Discovery of a possible symbiotic binary in the Large Magellanic Cloud
Blesson Mathew (Christ Univerity, India), Warren A. Reid (Macquarie, University, Australia), R. E. Mennickent (Universidad de Concepcion, Chile),, D. P. K. Banerjee (Physical Research Laboratory, India)

TL;DR
This paper reports the possible discovery of a symbiotic star in the Large Magellanic Cloud, identified through spectral signatures indicating both hot and cool stellar components, adding to the scarce known systems in this galaxy.
Contribution
First identification of a potential symbiotic star in the LMC based on spectral analysis, expanding the catalog of such systems in this galaxy.
Findings
Detected high ionization emission lines indicating a hot component.
Observed molecular absorption bands indicating a cool component.

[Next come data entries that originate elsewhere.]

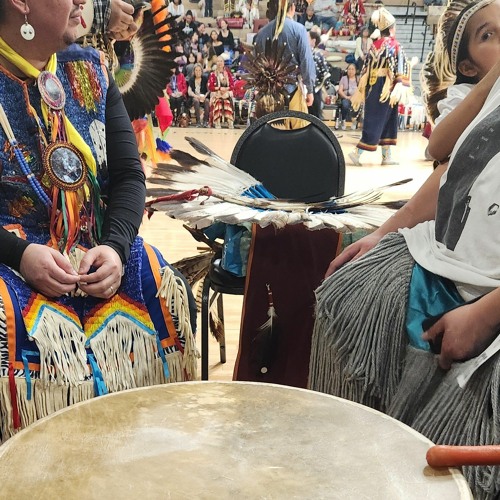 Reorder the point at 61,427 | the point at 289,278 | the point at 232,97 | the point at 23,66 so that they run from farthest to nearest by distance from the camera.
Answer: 1. the point at 232,97
2. the point at 289,278
3. the point at 23,66
4. the point at 61,427

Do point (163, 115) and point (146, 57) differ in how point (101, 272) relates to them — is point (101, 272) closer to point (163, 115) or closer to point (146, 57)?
point (146, 57)

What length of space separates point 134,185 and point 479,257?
0.84 m

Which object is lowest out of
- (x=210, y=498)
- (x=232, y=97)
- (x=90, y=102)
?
(x=232, y=97)

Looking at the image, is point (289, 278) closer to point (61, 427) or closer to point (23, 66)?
point (23, 66)

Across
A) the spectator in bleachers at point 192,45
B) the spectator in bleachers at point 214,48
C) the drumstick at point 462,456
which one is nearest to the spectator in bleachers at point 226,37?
the spectator in bleachers at point 214,48

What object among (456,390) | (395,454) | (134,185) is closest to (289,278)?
(134,185)

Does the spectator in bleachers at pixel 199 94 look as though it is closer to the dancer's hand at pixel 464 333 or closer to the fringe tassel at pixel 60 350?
the fringe tassel at pixel 60 350

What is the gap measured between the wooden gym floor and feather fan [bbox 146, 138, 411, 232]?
650 millimetres

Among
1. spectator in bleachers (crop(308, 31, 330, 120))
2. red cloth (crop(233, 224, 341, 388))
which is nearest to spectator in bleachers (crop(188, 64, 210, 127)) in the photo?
spectator in bleachers (crop(308, 31, 330, 120))

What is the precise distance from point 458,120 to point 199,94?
33.5 feet

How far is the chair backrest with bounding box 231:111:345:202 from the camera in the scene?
7.52 feet

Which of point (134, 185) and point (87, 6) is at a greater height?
point (87, 6)

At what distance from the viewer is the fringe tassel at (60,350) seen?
130 cm

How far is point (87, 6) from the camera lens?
1708 mm
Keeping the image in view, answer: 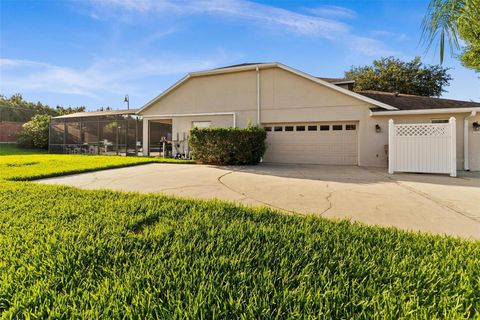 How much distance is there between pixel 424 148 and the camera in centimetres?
852

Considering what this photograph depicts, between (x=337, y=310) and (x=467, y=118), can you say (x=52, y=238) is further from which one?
(x=467, y=118)

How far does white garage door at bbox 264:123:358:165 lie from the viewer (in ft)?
39.9

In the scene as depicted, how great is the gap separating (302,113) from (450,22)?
10.9 metres

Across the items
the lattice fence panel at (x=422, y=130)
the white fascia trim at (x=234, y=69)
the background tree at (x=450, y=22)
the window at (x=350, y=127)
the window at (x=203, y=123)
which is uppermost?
the white fascia trim at (x=234, y=69)

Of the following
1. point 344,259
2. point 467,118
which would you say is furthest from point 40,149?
point 467,118

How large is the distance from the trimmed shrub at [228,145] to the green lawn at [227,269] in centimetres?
773

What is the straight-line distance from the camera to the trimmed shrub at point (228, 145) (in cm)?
1095

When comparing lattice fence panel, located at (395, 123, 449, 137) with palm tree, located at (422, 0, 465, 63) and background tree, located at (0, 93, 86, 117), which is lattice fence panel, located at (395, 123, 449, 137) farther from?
background tree, located at (0, 93, 86, 117)

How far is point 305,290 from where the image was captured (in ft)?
5.69

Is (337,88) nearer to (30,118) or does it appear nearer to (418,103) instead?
(418,103)

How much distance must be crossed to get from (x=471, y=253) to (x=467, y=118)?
454 inches

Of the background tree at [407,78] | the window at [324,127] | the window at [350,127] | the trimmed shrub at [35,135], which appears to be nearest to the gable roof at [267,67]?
the window at [350,127]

Proposed the object as a symbiotic star based on spectral signatures.
Abstract
We report the discovery of a possible symbiotic star, in the Large Magellanic Cloud (LMC). The object under consideration here, designated as RP 870, was detected during the course of a comprehensive H survey of the LMC by Reid & Parker (2012). The spectrum of RP 870 showed high ionization emission lines of He I, He II and [O III] and molecular absorption bands of TiO 6180, 7100. The collective signatures of a hot component (high excitation/ionization lines) and of a cool component (TiO molecular bands) are seen in RP 870, from which we propose it as a symbiotic star. Since known symbiotic systems are rare in the LMC, possibly less than a dozen are known, we thought the present detection to be interesting enough to be reported.